Georgia GOP Rep. Barry Loudermilk is facing scrutiny from the House Select Committee Investigating the Jan. 6 Attack on the U.S. Capitol.
"Based on our review of evidence in the Select Committee's possession, we believe you have information regarding a tour you led through parts of the Capitol complex on January 5, 2021," Select Committee Chairman Bennie Thompson (D-MS) wrote in a letter to Loudermilk on Thursday.
"The foregoing information raises questions to which the Select Committee must seek answers. Public reporting and witness accounts indicate some individuals and groups engaged in efforts to gather information about the layout of the U.S. Capitol, as well as the House and Senate office buildings, in advance of January 6, 2021," read the letter, which was also signed by Rep. Liz Cheney (R-WY).

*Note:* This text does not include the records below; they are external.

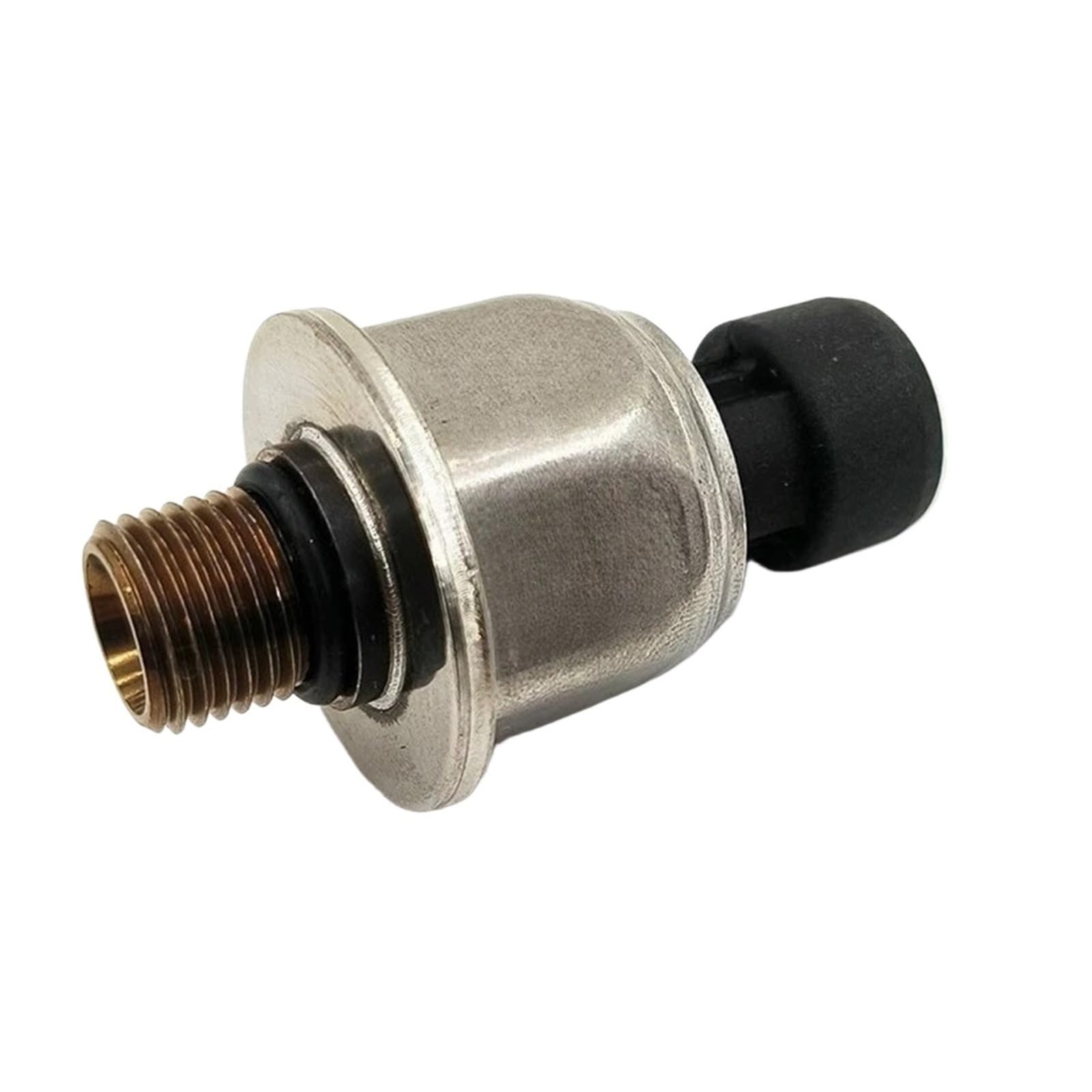 RISWEKFW Excavator mechanical parts standard installation accessories sensor(Import model)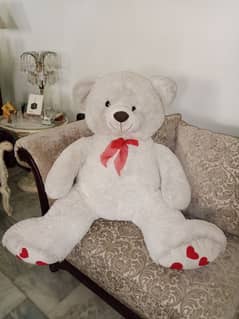 Big Teddy bears for sale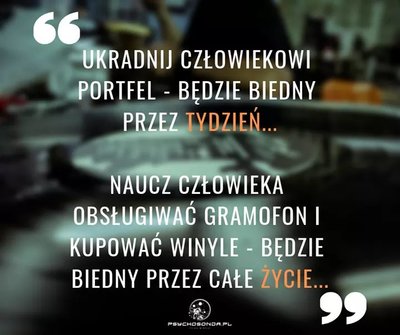 FB_IMG_1552420824012.jpg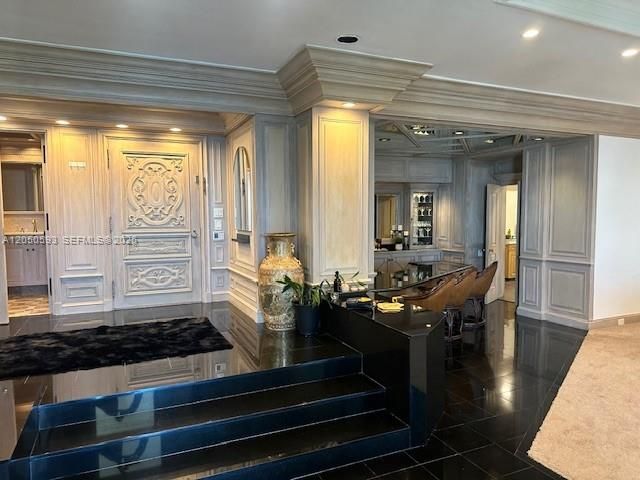 11111 Biscayne Blvd , Unit PH AFG, Miami, FL 33181 Photo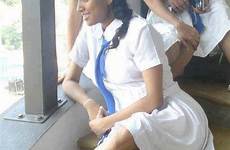 sri school girls lankan indian desi comment post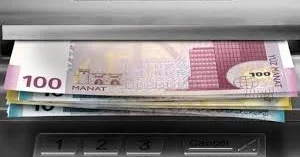 Gizli məqamlar: Ölkədə pensiya yaşı niyə artırılır?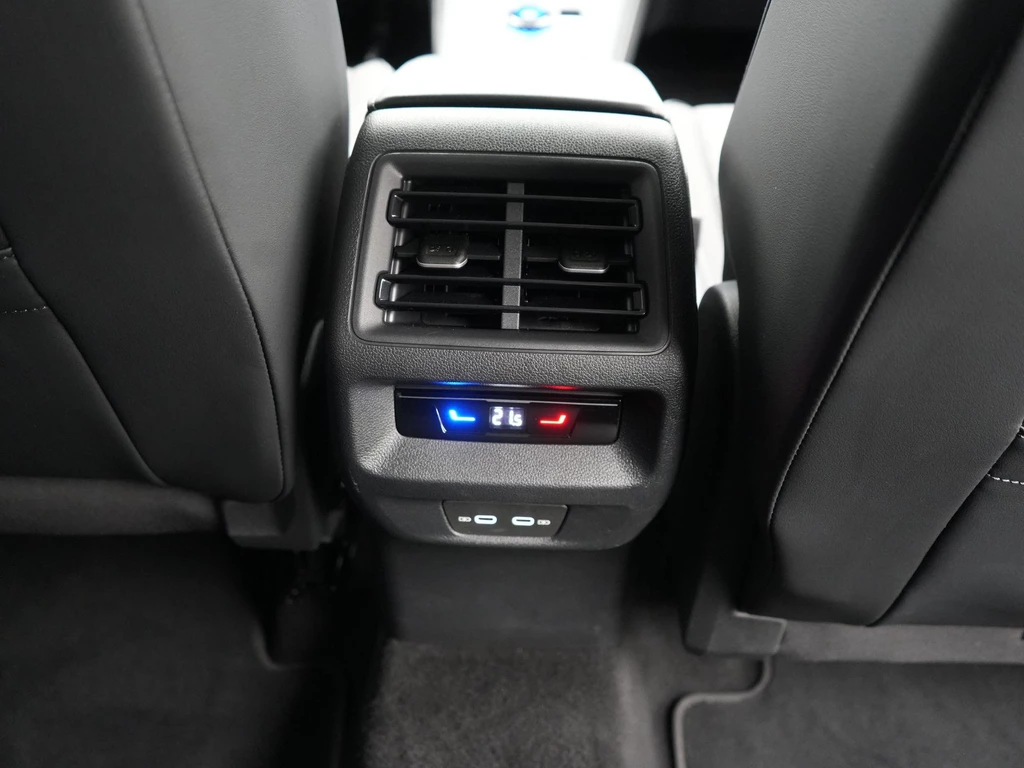 Volkswagen Tayron – foto 56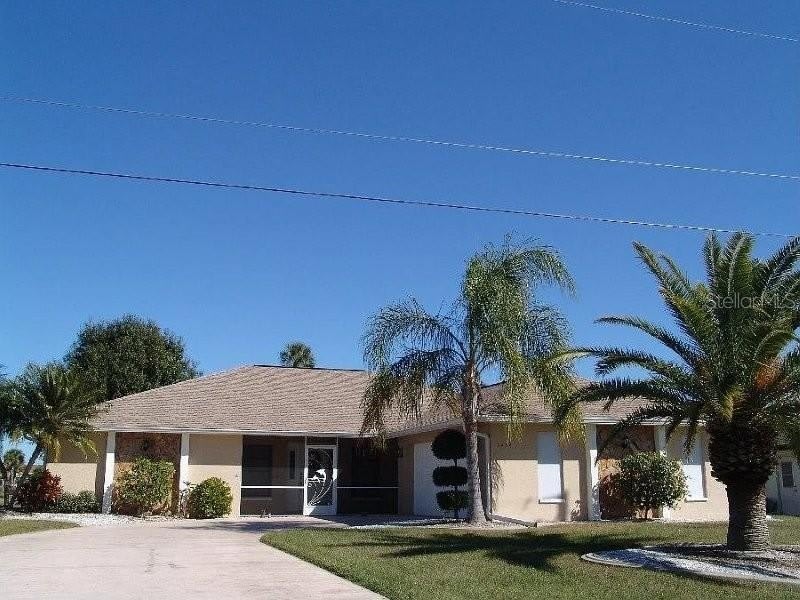 1472 Neapolitan Road – photo 1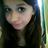 Loveyaaa102's profile image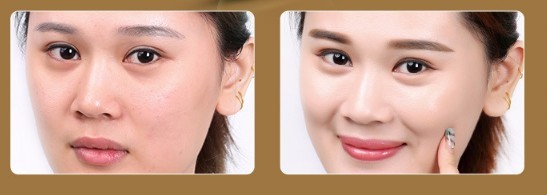 Snail 6pcs Moisturizing And Hydrating Care Set Cosmetics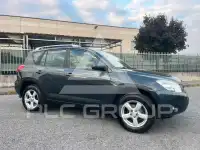 2009 Toyota Other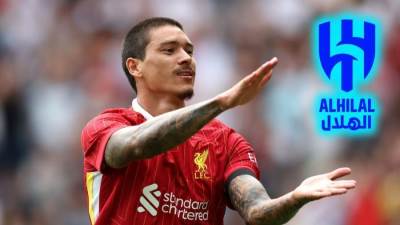 زعيم السعودية يتحدى كبار أوروبا.. نونيز على بعد خطوات من بوابة الهلال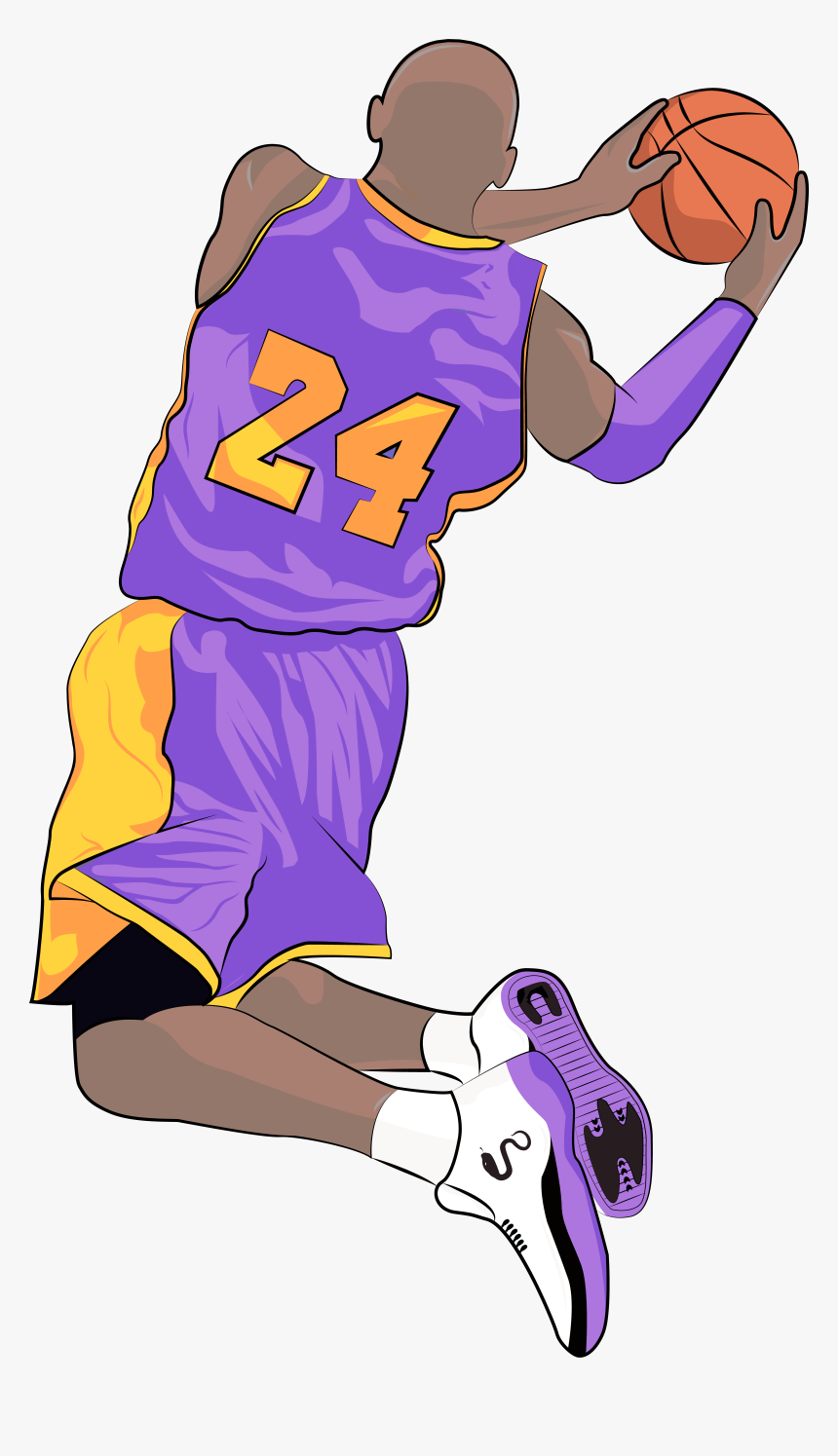 Portfolio, HD Png Download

"In response to those allegations, Republicans on the Committee on House Administration—of which you are a Member—claimed to have reviewed security footage from the days preceding January 6th and determined that '[t]here were no tours, no large groups, no one with MAGA hats on.' However, the Select Committee’s review of evidence directly contradicts that denial," the letter stated.
The letter proposes a meeting during the week of May 23.
"The letter comes more than a year after some House Democrats accused Republicans of providing tours in the days leading up to January 6 to individuals who later stormed the Capitol," CNN noted. "Rep. Mikie Sherrill, a Democrat from New Jersey, accused Republicans in the days after the insurrection of providing tours to people who then used the information they learned from their visit about the complex's layout to aid in their attempt to interrupt the certification of the 2020 presidential election results."
Sherrill said she saw members of Congress leading groups of people through the Capitol on a "reconnaissance" tour on Jan. 5. Her comments came on Jan. 12, 2021.
The committee investigating the 2021 US Capitol assault plans to stage public hearings in June and release its findings at the height of the midterm election campaign later this year.
Across eight hearings, key witnesses interviewed by the congressional probe will testify publicly for the first time on the alleged plot that led to the January 6 insurrection as well as the events of the day itself.
"We'll tell the story about what happened," Thompson told reporters.
"We will use a combination of witnesses, exhibits, things that we have through the tens of thousands of exhibits... as well as the hundreds of witnesses we deposed or just talked to in general."
The hearings are expected to make for blockbuster television -- potentially on a par with the Watergate hearings or Donald Trump's two impeachments -- as America relives minute by minute the day a mob of the defeated president's supporters stormed Congress to prevent the peaceful transfer of power to 2020 election winner Joe Biden.
The bench of seven Democrats and two Republicans will explore allegations that Trump inspired the violence through months of false claims about election fraud, as part of an illegal plot to stay in power.
Trump and his inner circle deny all accusations of wrongdoing, characterizing their election disinformation and alleged machinations to overturn the results as a good-faith attempt to clear up widespread corruption.
Trump's ultra-loyal Republican base argues that the investigation is a "witch hunt" to distract from rampant inflation and a burgeoning immigration crisis ahead of elections in November that could see the Democrats lose control of Congress.